Ya know...BEFORE Charles Soule came along, I had a good thing going. Everyone (from creators to characters) was taking Guy Gardner too seriously, his arrogance was completely unchecked, my hatred for him was totally justified. Then Mr. Soule comes along and has to go and RUIN a perfectly good hatefest by making the character’s ridiculousness be acknowledged by others. And acknowledged by HIMSELF. And actually form him into an interesting, different kind of character. And now? He’s given him a SWEET MUSTACHE. Review over. Five-star mustache...yeah, okay, the rest of the issue’s great too. We get to see the Reds survey their work having liberated their first planet from injustice, but now it’s time to account for some unanswered questions. So while Bleez and Rankorr go off in search of their fallen comrade’s ring, the other Reds head to Earth for a tour courtesy of Guy Gardner. I’m a big fan of this tactic of splitting up the two human Red Lanterns as it always feels a little redundant when they’re around and starts to smack of the Green Lantern books a little too much. And, of course, Soule does a fantastic job of differentiating the characters and injecting some much-needed levity into this book from both groups, with Zox’s burning question in particular getting a chuckle.

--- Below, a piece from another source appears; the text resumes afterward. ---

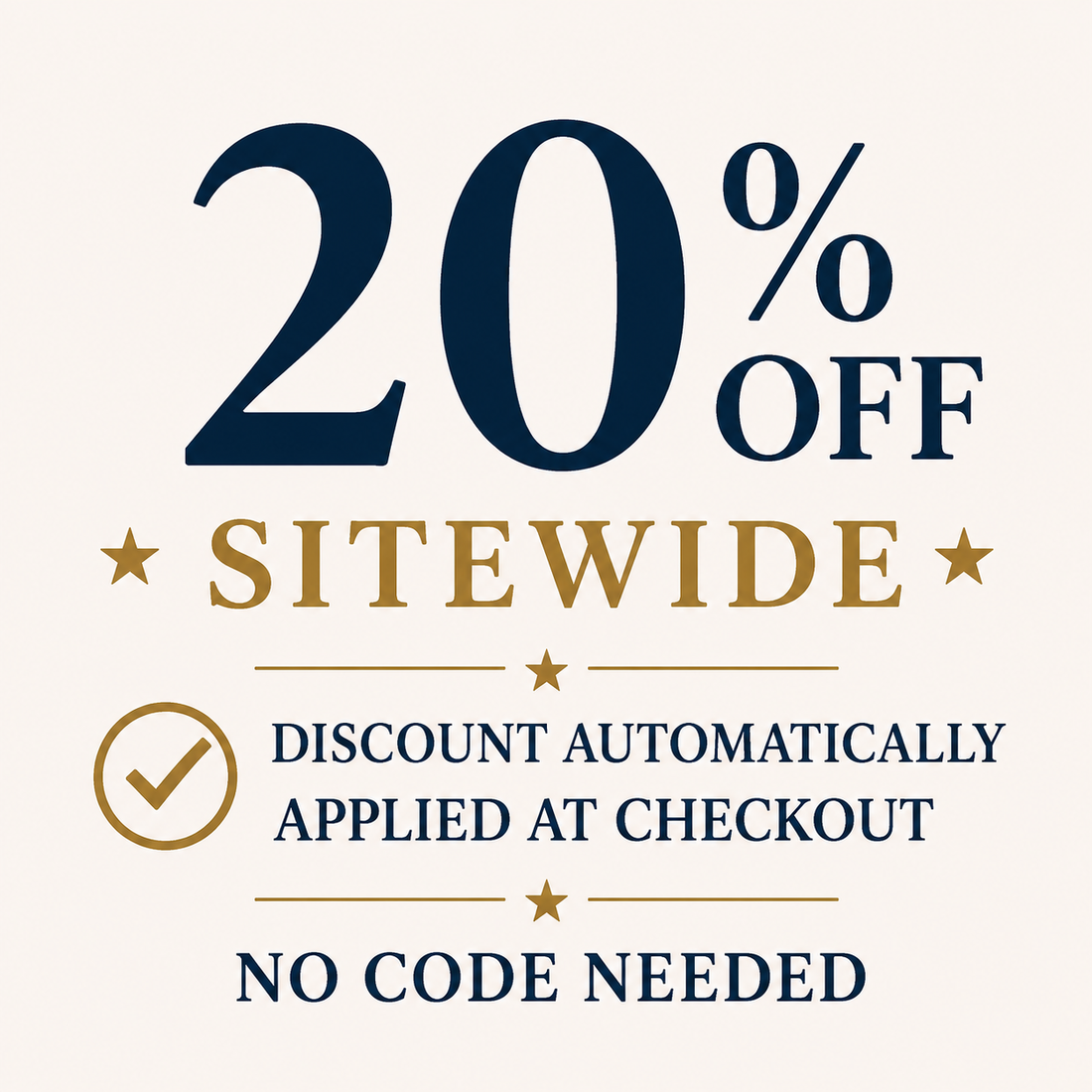 Promotion for '20% OFF SITEWIDE' , automatic discount at checkout, no code needed.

Art is divided amongst the series’ regulars and they alternate throughout the issue with Alessandro Vitti taking the earthbound Lanterns while J. Calafiore handles the space cases and this division of labor serves the book quite well. It’s clear when it happens, but the fact that it’s got a clear divide and setting change stops it from being too abrupt and unexpected as well as ensuring a continuity of tone. That’s also helped by colorist Gabe Eltaeb across the entire issue, and the art stands out amazingly. There’s not much in the way of action, but the character interactions, and especially the expressions and body language, are absolutely perfect and even someone with seemingly a single expression like Skallox is able to get so much across with the rest of his gestures and stances. The colors, as always, stand out on the page and, have a wonderful diversity for a book that has the color red at its core. And I haven’t even mentioned the reappearance of an old Gardner flame (for a hint, check out the cover. And by “hint,” I mean she’s clearly on the cover).
There’s very little dislike about this book. I’d say I’m disappointed we didn’t get to see more of Zox and Skallox’s globetrotting adventures in exchange for the two space exploring Reds, but frankly the banter between Rankorr and Bleez was very well done and worth reading. I’ll say that I wish both groups had gotten their own issue.
After some forays into a bit of confusion and heavier subject matter, Red Lanterns is back to being the hilariously over-the-top ultraviolent title that it’s at its best at. We’re delving a bit into Guy’s past and we’re seeing him try to legitimately improve himself and his way of living to have another chance with the one that got away, and I think it’s ripe for both comedic and romantic tension. Also: Five Star Mustache.